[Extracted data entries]
────────
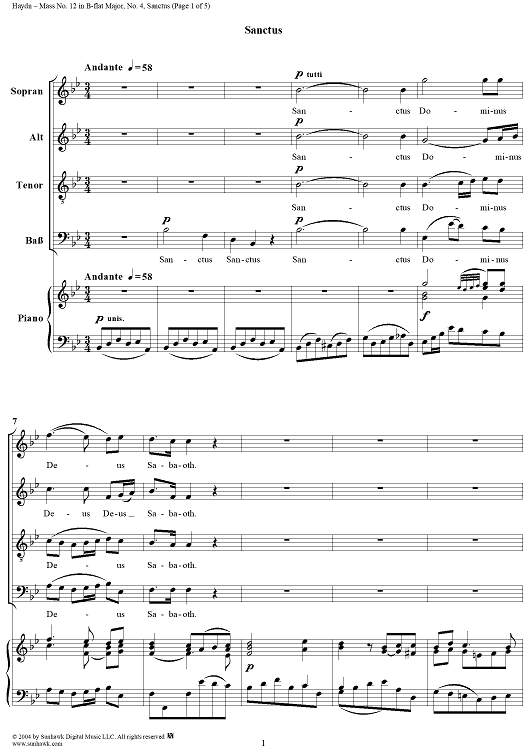 Mass No. 12 in B-flat Major, HobXXII/12, Sanctus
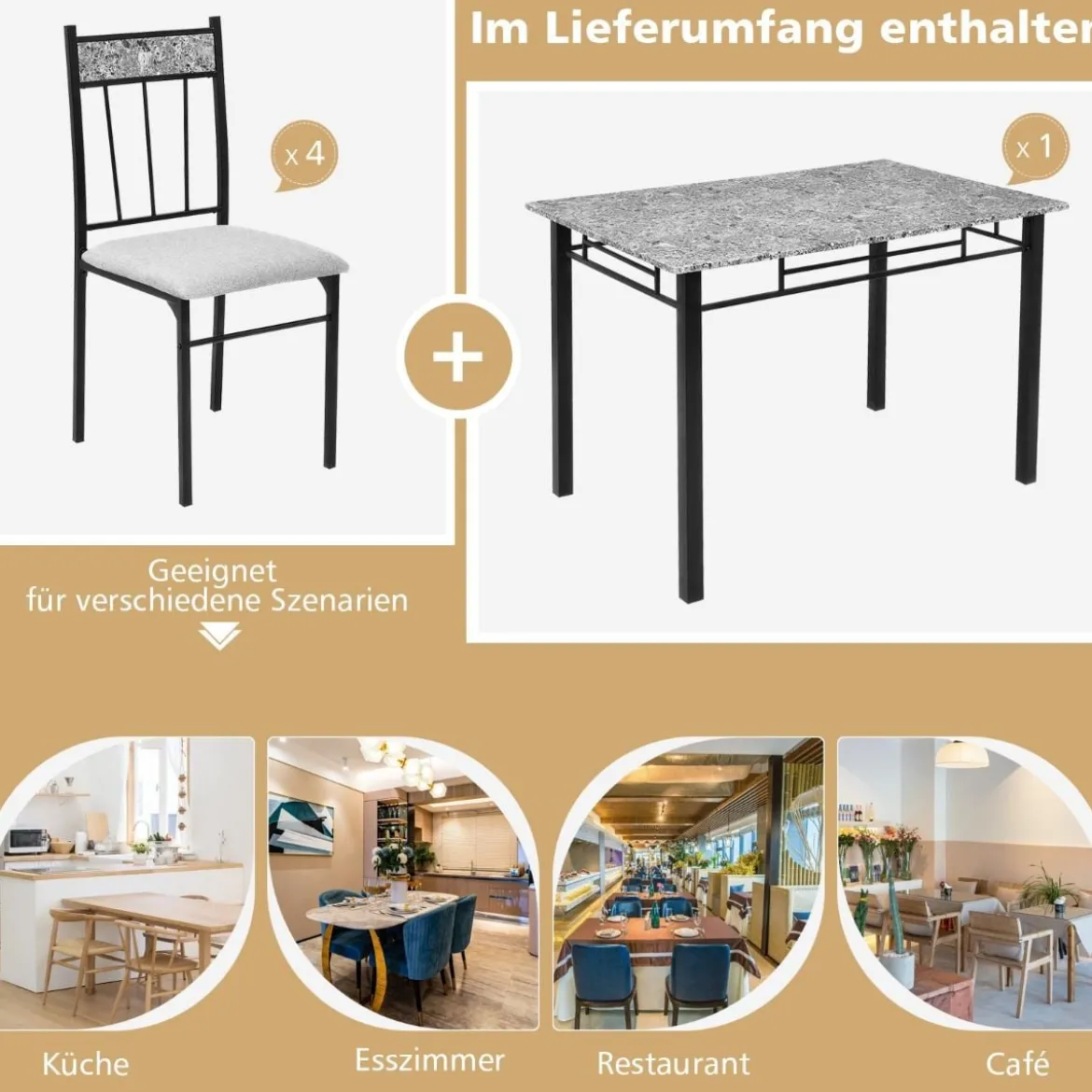 5-teiliges Esstisch-Set rechteckiger Esstisch und gepolsterter Stuhl modernes Esszimmertisch-Set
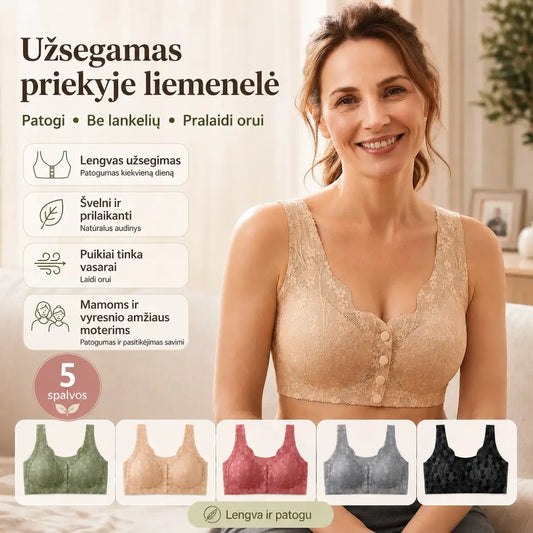 😍 3 vnt. patogių liemenėlių rinkinys ❤️ Be lankelių, su priekiniais segtukais – nevaržo ir puikiai tinka kasdienai (40–100 kg)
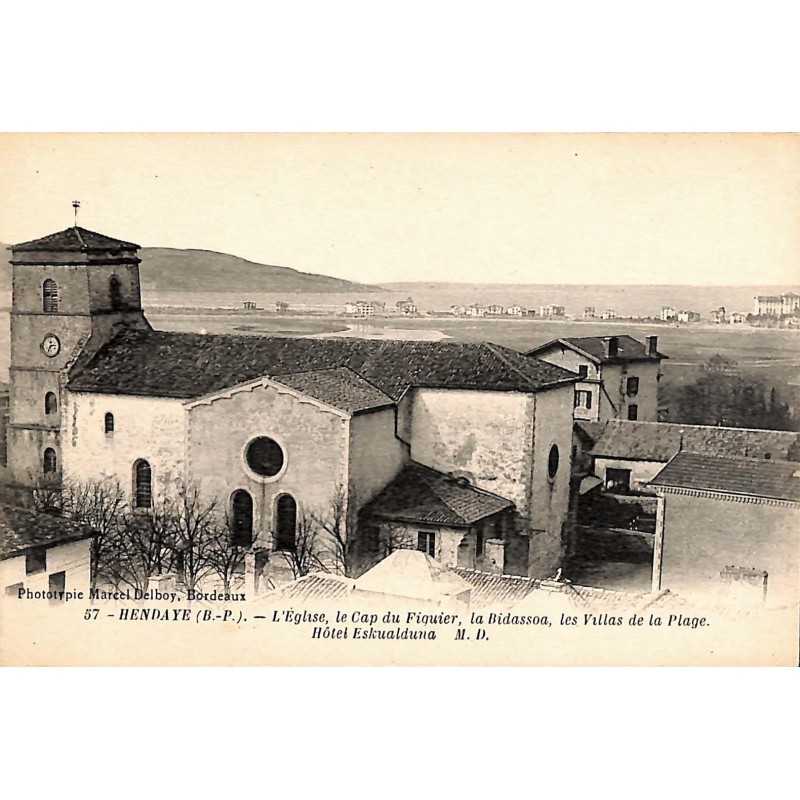 ABAO 64 - Pyrénées Atlantiques [64] Hendaye - L'Eglise, le Cap du Figuier, la Bidassoa, les villas de la plage, Hôtel Eskuald...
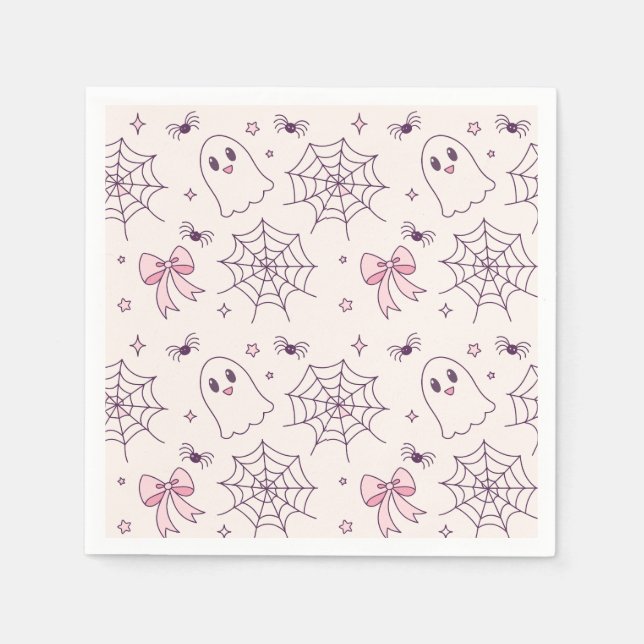 Cute Halloween Ghost & Spindelnät Mönster Pappersservett (Framsidan)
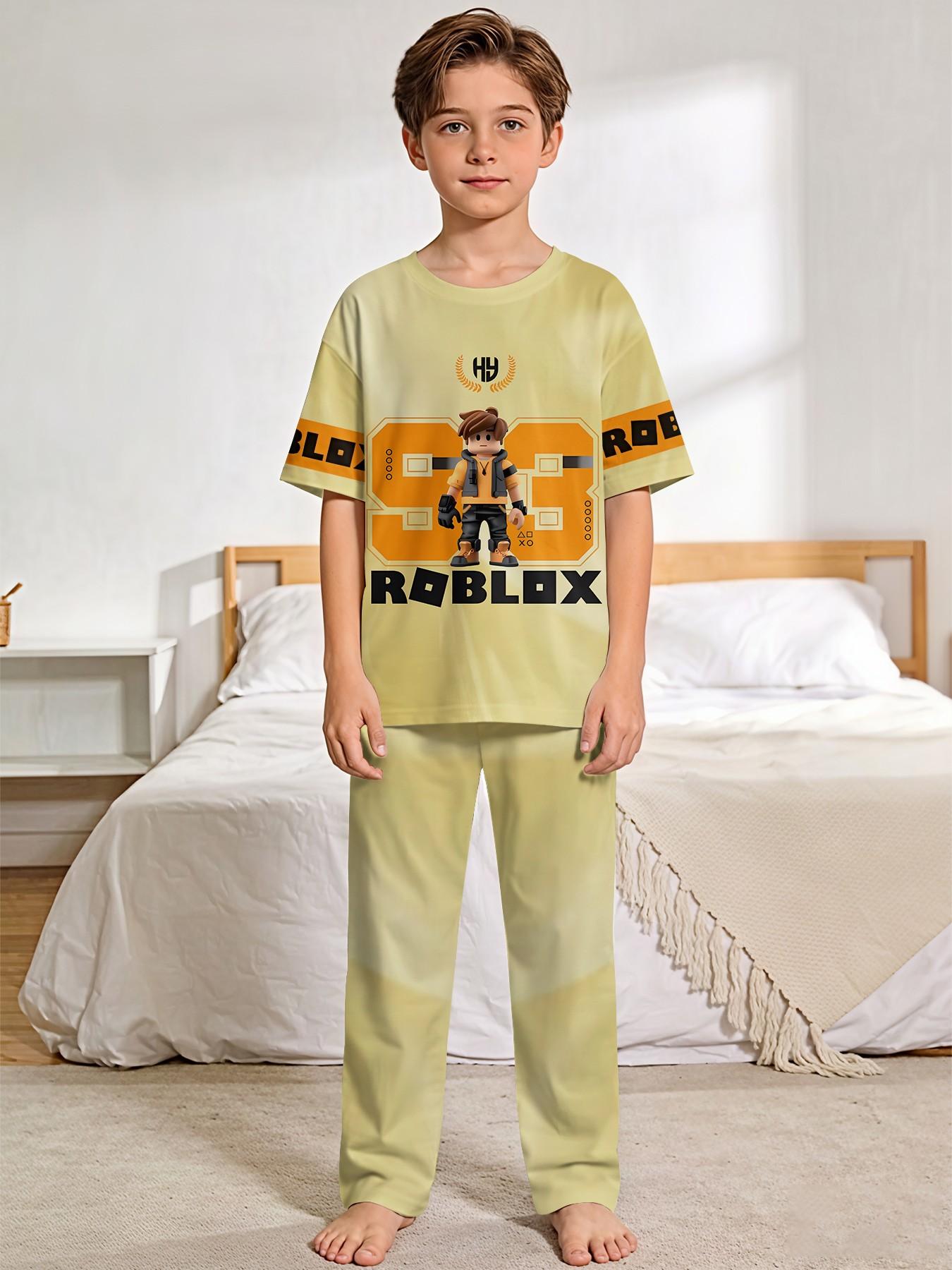 Square Boy Trendy 2-Piece Set - Boys' Digital Print Short-Sleeve Pajamas with Extended Sleep Pants, Stylish, Casual, Comfortable and Soft Pajama Set, Suitable for Boys' Sleep and Home Leisure, Perfect Gift for Boys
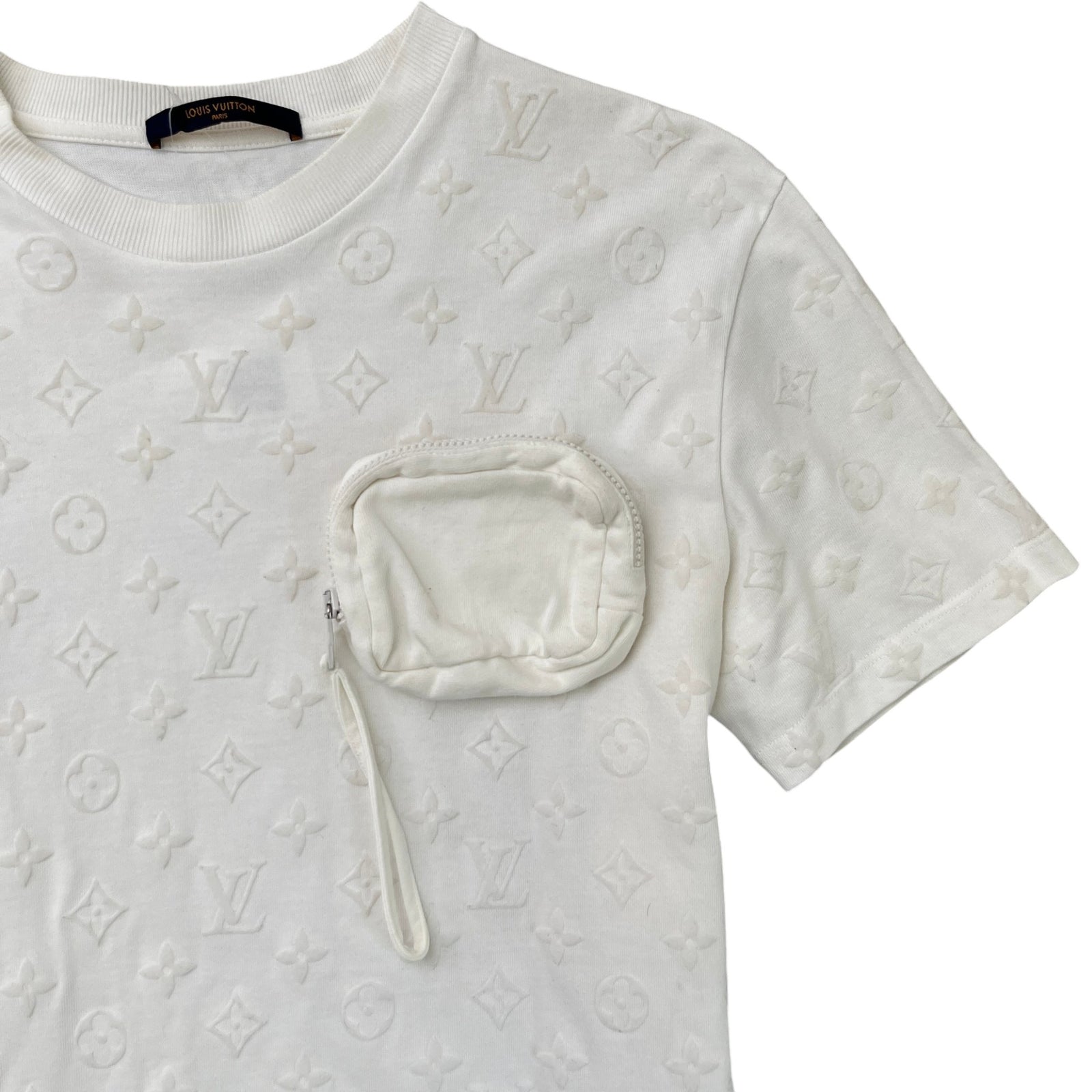 Men's Monogram Jacquard 3D Pocket T-Shirt Cream Size M - Photo 5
────────
WORK INSTRUCTIONS: Nothing but the lines from the one containing "Cute Halloween Ghost" through the end of the entries is to be retyped, exactly as written and without pictures.

EXERCISE RESULT:
 Cute Halloween Ghost & Spindelnät Mönster Pappersservett (Framsidan)
 Square Boy Trendy 2-Piece Set - Boys' Digital Print Short-Sleeve Pajamas with Extended Sleep Pants, Stylish, Casual, Comfortable and Soft Pajama Set, Suitable for Boys' Sleep and Home Leisure, Perfect Gift for Boys
 Men's Monogram Jacquard 3D Pocket T-Shirt Cream Size M - Photo 5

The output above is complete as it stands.